Go to the line with "Nat Geo Day" in the entries below and write out every line from there through the line with "中國熱軋窄帶鋼市場研究與趨勢預測報告（2025-2031年）", exactly and without pictures.

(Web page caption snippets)

=== Section Start ===

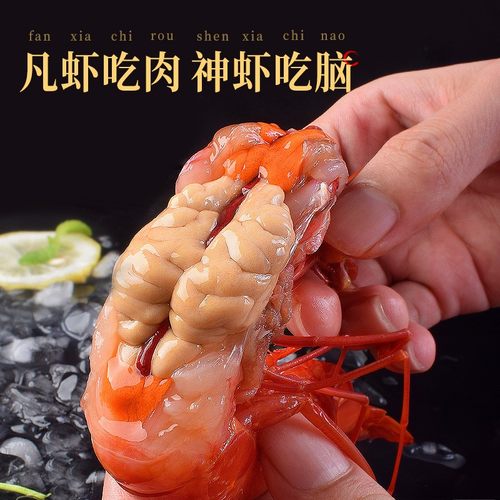 红魔虾特大刺身级红虾鲜活大虾新鲜海虾生吃生食莫桑比克西班牙-图1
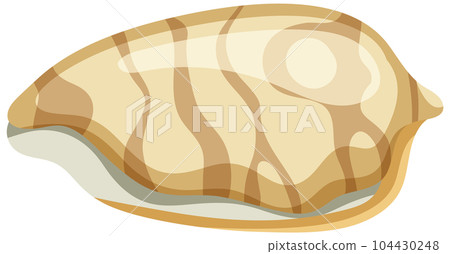 Isolated shell rocky shore Isolated shell rocky shore 104430248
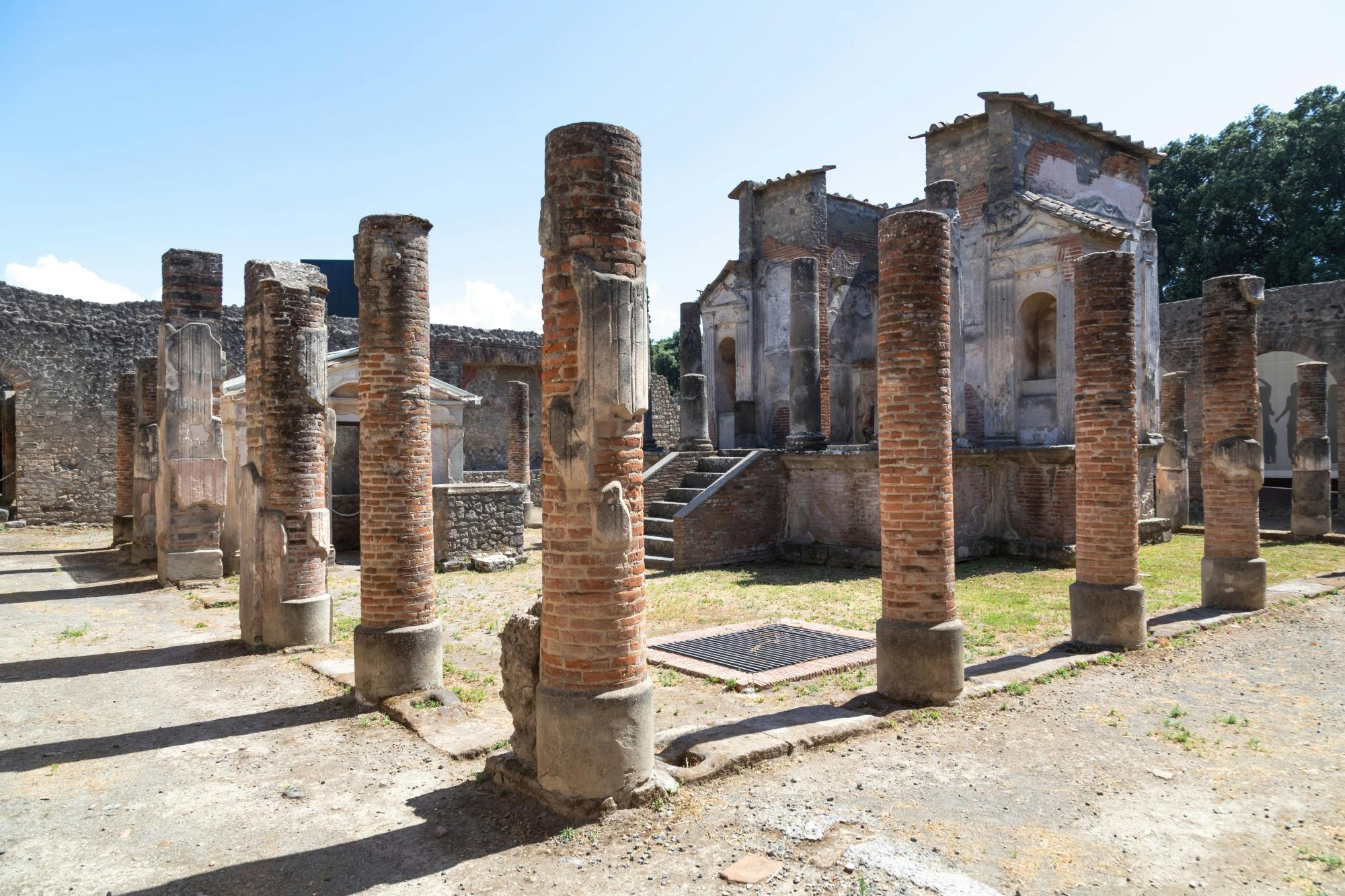 Nat Geo Day Tour: Roman Life Uncovered - Villas of Oplontis & Pompeii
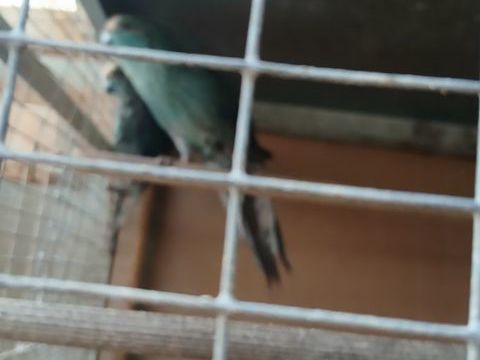 kakariki turquoise 50 79400 Azay-le-brl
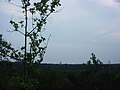 View from the top of the bluff in the Naval Live Oaks, looking south on the rest of the reservation.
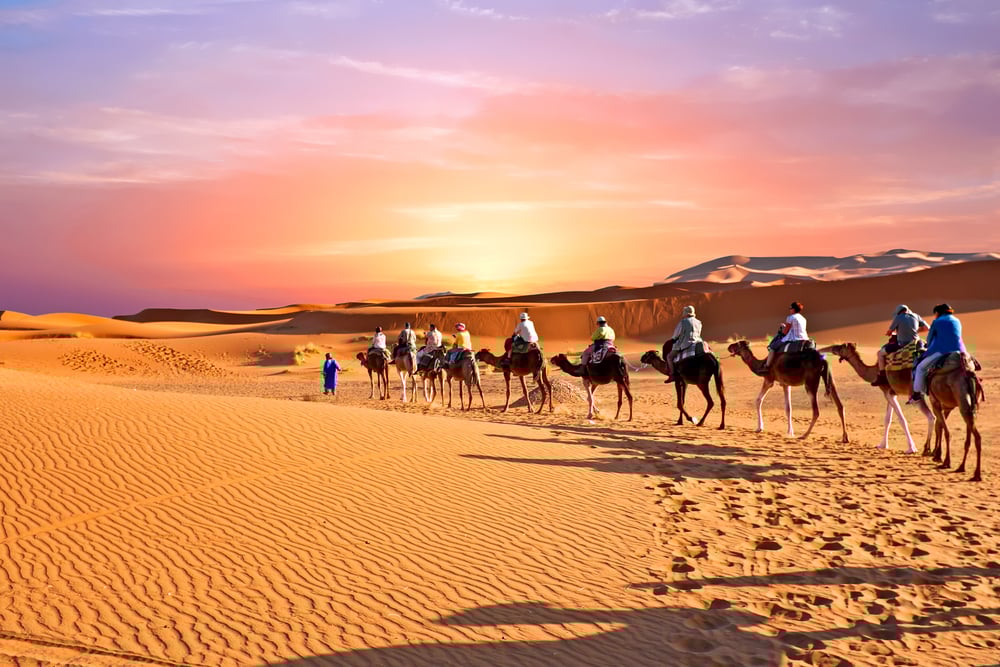 Camel caravan going through the sand dunes in the Sahara Desert, Morocco(Steve Photography)s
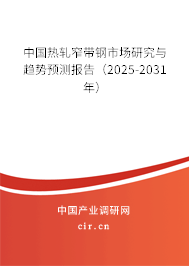 中國熱軋窄帶鋼市場研究與趨勢預測報告（2025-2031年）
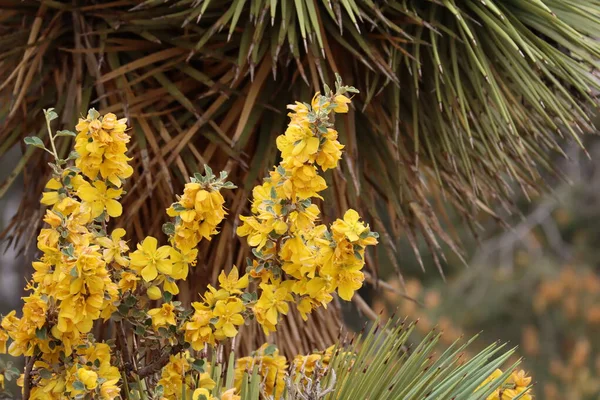 California Fremontia Fremontodendron Californicum Native Perennial Monoclinous Woody Shrub Displaying — Stock Photo, Image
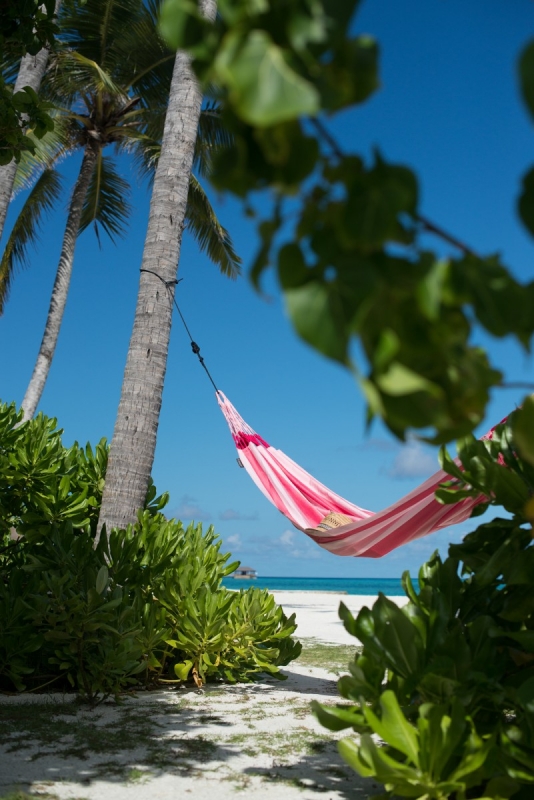 La Siesta hammock for two Aventura wild rose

=== Section End ===

RESULT -
 Nat Geo Day Tour: Roman Life Uncovered - Villas of Oplontis & Pompeii
 kakariki turquoise 50 79400 Azay-le-brl
 View from the top of the bluff in the Naval Live Oaks, looking south on the rest of the reservation.
 Camel caravan going through the sand dunes in the Sahara Desert, Morocco(Steve Photography)s
 中國熱軋窄帶鋼市場研究與趨勢預測報告（2025-2031年）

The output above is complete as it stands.